======== Data block

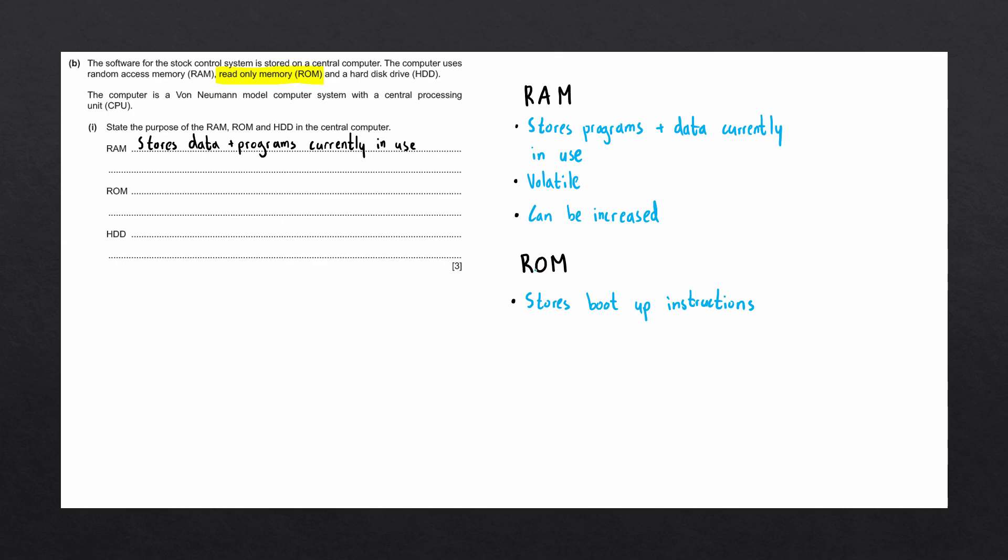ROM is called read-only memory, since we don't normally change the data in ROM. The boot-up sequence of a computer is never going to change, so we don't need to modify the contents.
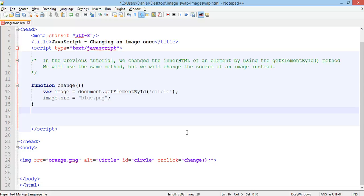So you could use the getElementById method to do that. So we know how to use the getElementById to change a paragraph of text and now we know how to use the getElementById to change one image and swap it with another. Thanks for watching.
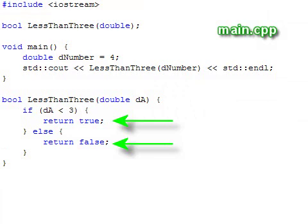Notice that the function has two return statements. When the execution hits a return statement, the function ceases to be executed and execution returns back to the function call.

================

Task prompt: Transcribe only the lines between the line containing "So you could" and the final line of the listing, inclusive, exactly as they appear; no pictures are to be included.

The answer:
So you could use the getElementById method to do that. So we know how to use the getElementById to change a paragraph of text and now we know how to use the getElementById to change one image and swap it with another. Thanks for watching.
Notice that the function has two return statements. When the execution hits a return statement, the function ceases to be executed and execution returns back to the function call.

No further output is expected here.